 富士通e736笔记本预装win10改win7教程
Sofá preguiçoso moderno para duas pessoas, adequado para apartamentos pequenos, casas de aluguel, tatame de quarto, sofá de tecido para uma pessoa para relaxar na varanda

* * *

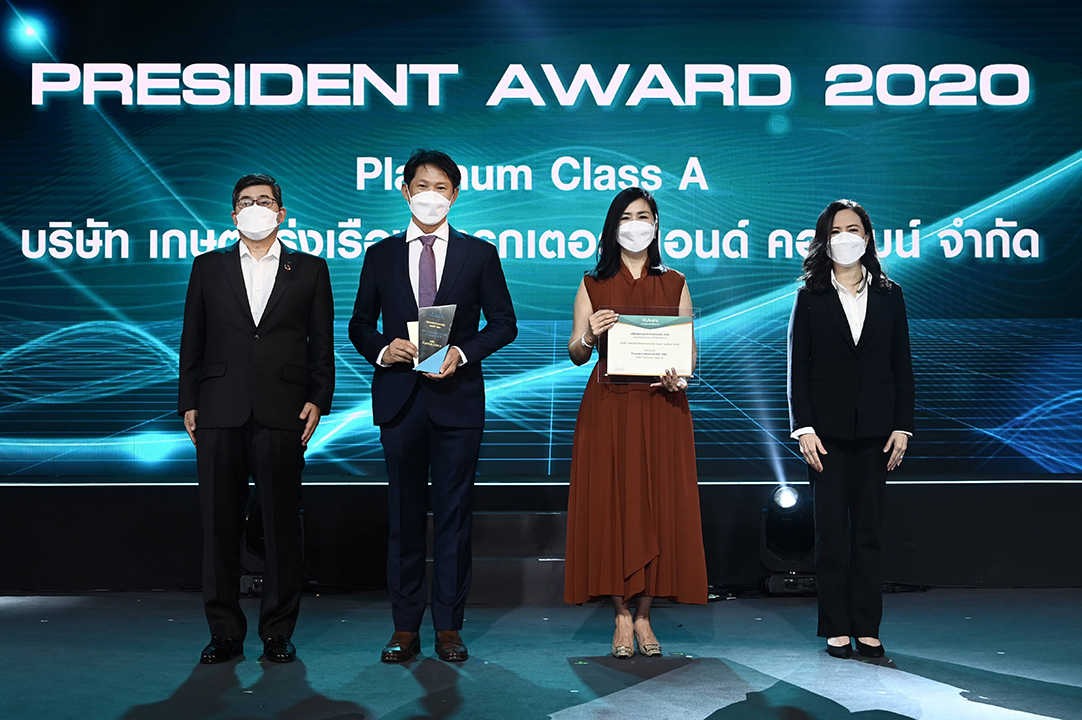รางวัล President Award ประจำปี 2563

Activity:
Reproduce exactly, and only, the part of the listing above that begins at the line with "富士通e736笔记本预装win10改win7教程" and goes on through the line with "Sofá preguiçoso moderno".

Answer:
 富士通e736笔记本预装win10改win7教程
Sofá preguiçoso moderno para duas pessoas, adequado para apartamentos pequenos, casas de aluguel, tatame de quarto, sofá de tecido para uma pessoa para relaxar na varanda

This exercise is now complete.